Commentary from Shareable said America should look across the world and how other governments have found solutions to housing shortages and affordability challenges.
“But, elsewhere in the world, governments have found solutions rooted in very different philosophies on how societies should build, finance, distribute and maintain housing,” the report states. “A few have even succeeded in avoiding the social and racial segregation plaguing many American cities through policies intended to build diverse, cohesive communities.”
The report states that in Austria, with the use of federal spending, the government has developed an expansive housing stock and 60% of Vienna’s citizens now live in subsidized homes.
Austrian governments also regulate rents and household spend an average of 21% of their income on housing. In comparison, the average American family spends 37% of housing every month, and the figure rises to 60% in New York City.
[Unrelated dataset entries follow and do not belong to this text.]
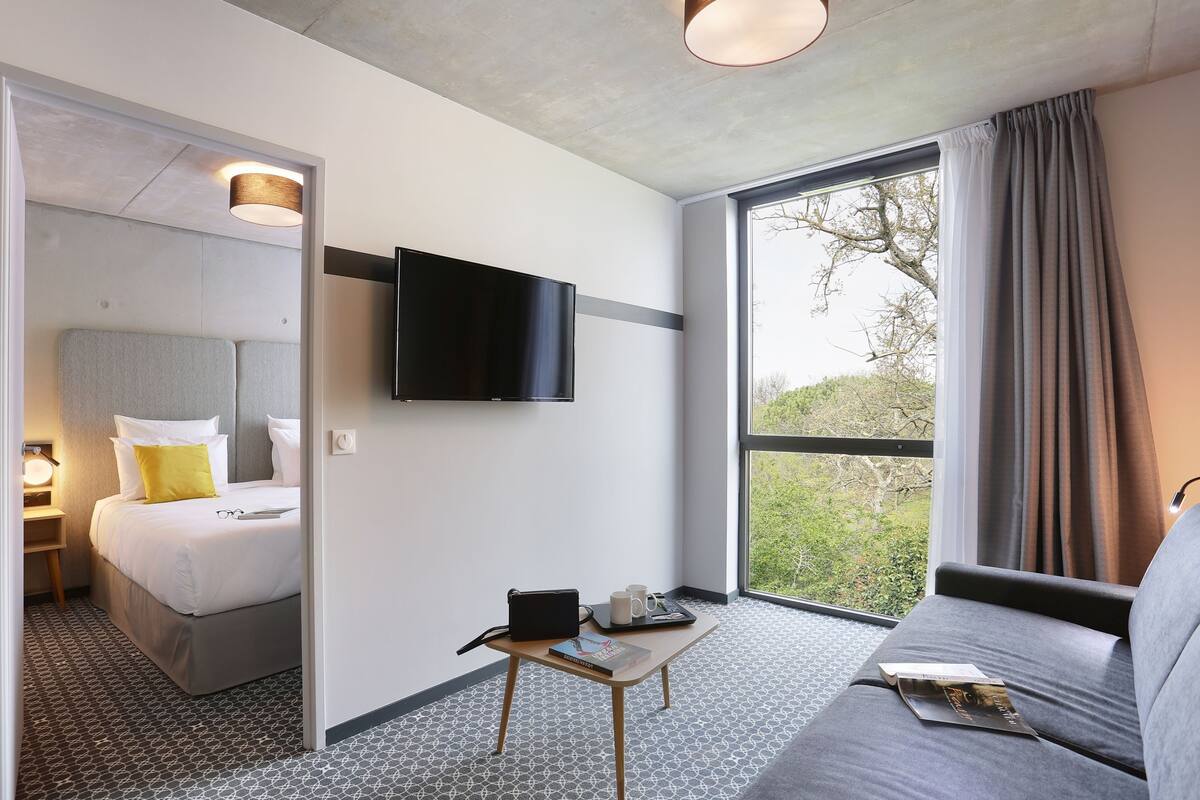 Ein Hotelzimmer mit einem Bett, einem an der Wand befestigten Fernseher, einem kleinen Tisch mit einem Buch und einer Tasse sowie einem großen Fenster mit Vorhängen.
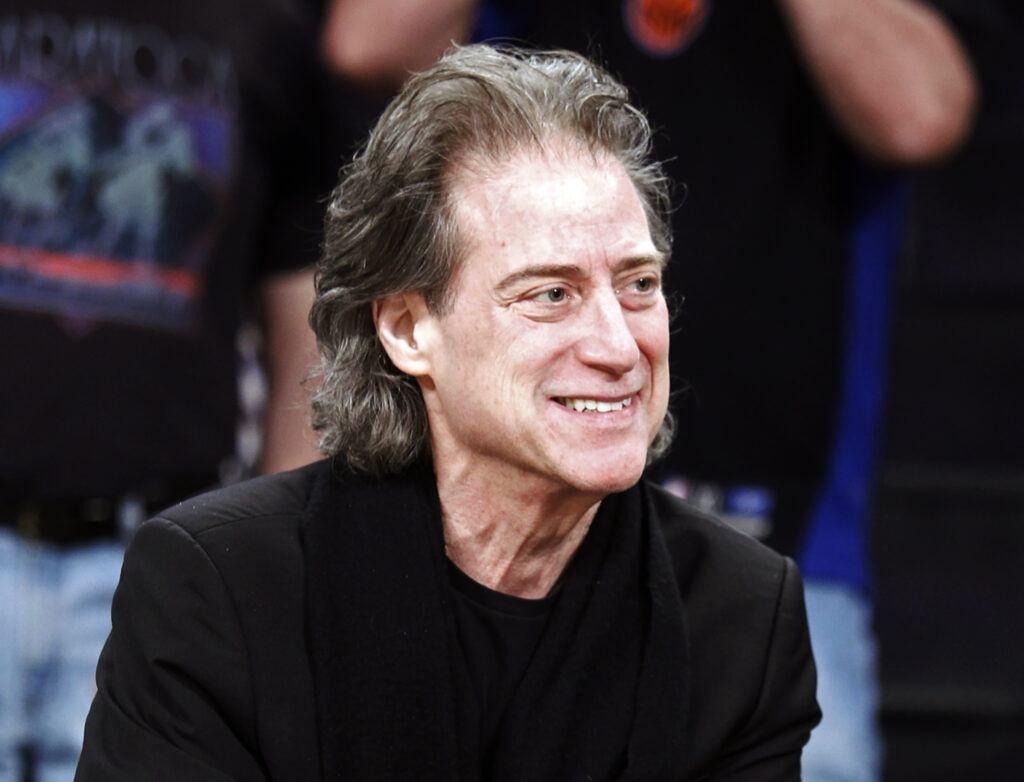 Richard Lewis File photo: Comedian Richard Lewis attends an NBA basketball game in Los Angeles on Dec. 25, 2012. Lewis, an acclaimed comedian known for exploring his neuroses in frantic, stream-of-consciousness diatribes while dressed in all-black, leading to his nickname ''The Prince of Pain,'' has died. He was 76. He died at his home in Los Angeles on Tuesday night after suffering a heart attack, according to his publicist Jeff Abraham.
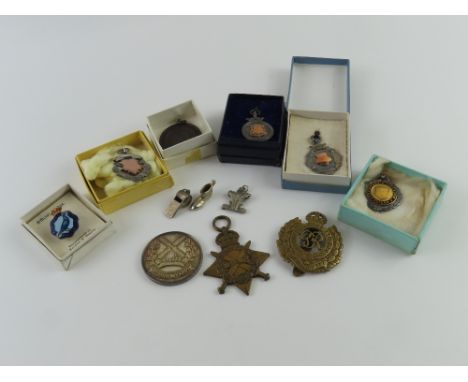 A collection of silver football medal/fobs, a National Pigeon Service badge, charms, a medal with a windmill and the inscript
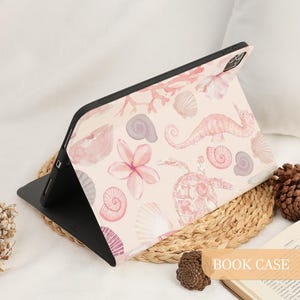 Pu&ograve; includere: Una custodia per tablet con un motivo ad acquerello rosa chiaro raffigurante creature marine e flora, tra cui una tartaruga marina, un cavalluccio marino, varie conchiglie, corallo e fiori tropicali. La custodia ha una cornice nera.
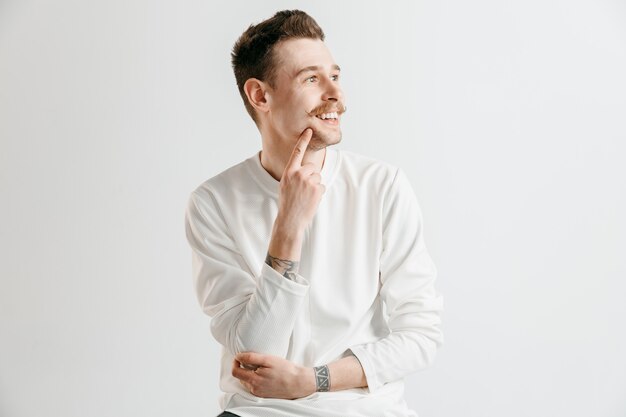 Hombre de negocios feliz de pie, sonriendo aislado en estudio gris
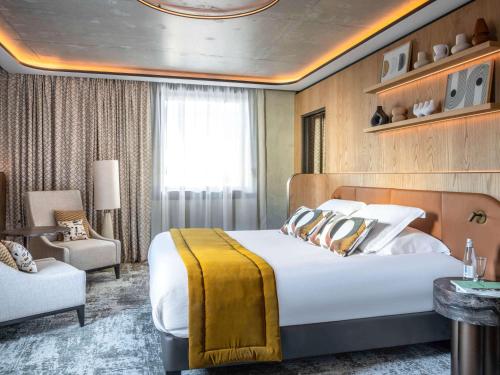 une chambre d'hôtel avec un lit et une chaise dans l'établissement Pullman Lyon, à Lyon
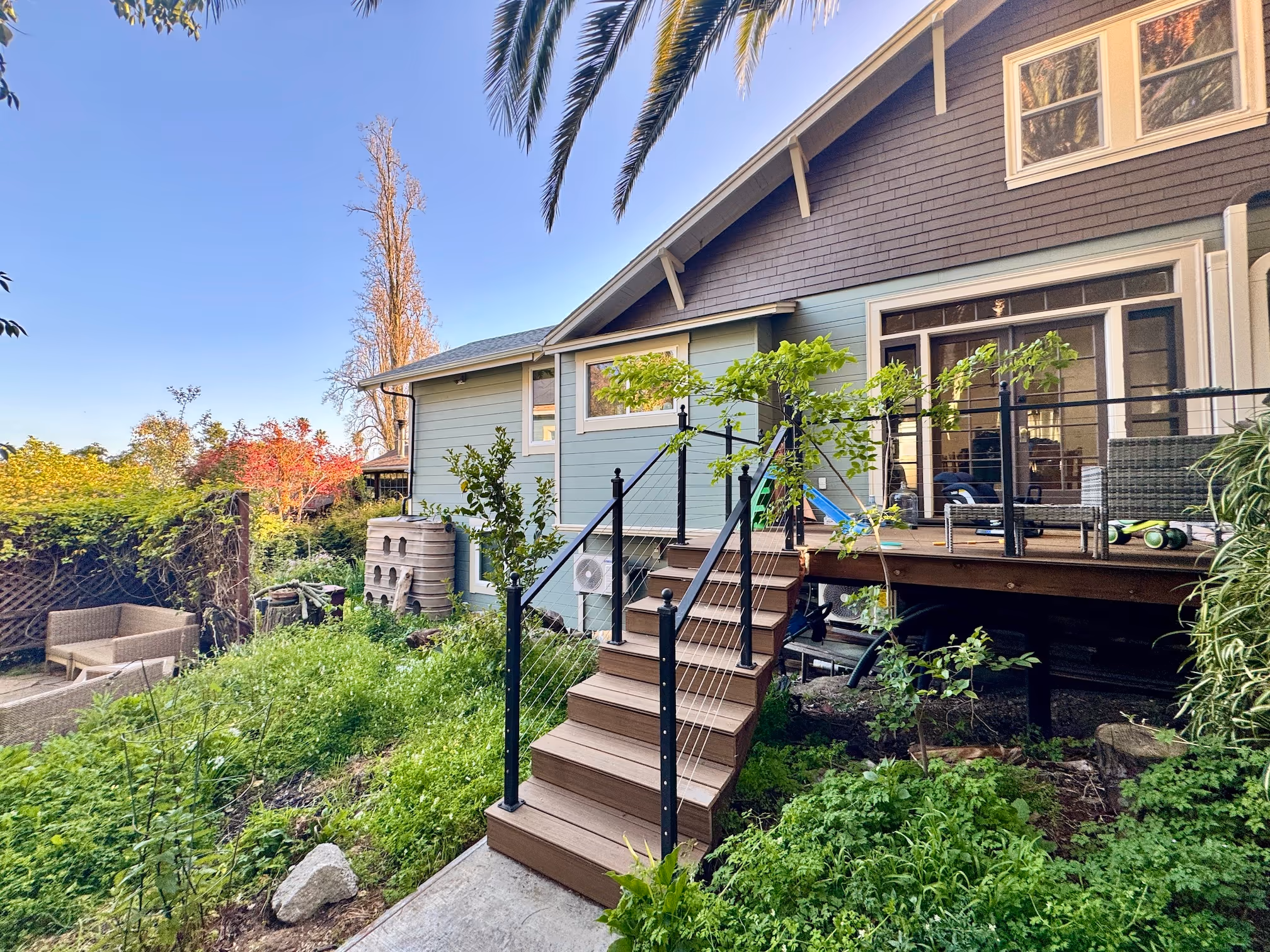 Canticle Farm urban village design with removed fences creating unified shared garden landscape for communal living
They (the state) do it because they want balance in the community—that’s part of their aim,” says William Menking, a professor at the Pratt Institute and co-author of a book about the city’s housing model.
The study states that, unlike in European markets, governments in the U.S. use land use as a way to control housing.
“Instead of expanding access to housing, American cities have exercised that control to implement policies that perpetuate segregation, deep inequalities, and sprawl,” Shareable states.
Markets in Oregon, Minnesota, North Carolina, and California have taken measures to remove single-family housing.
A report by the Los Angeles Times says that California Gov. Gavin Newsom signed multiple bills allowing property owners to build a backyard home of at least 800-square-feet. The bill would also allow homeowners to convert a garage, office, or space room into living quarters. New legislation would allow for three homes on land previously zoned for single-family.
Durham, North Carolina, in September amended ordinances for higher density, “undoing decades-old vestigaes” of discrimination that have prevented African-Americans from owning homes.
Oregon’s HB 2001 went into effect on August 8, and mandates that cities with a population of more than or equal to 25,000 to allow middle-housing types on lots previously earmarked for the development of detached single-family housing.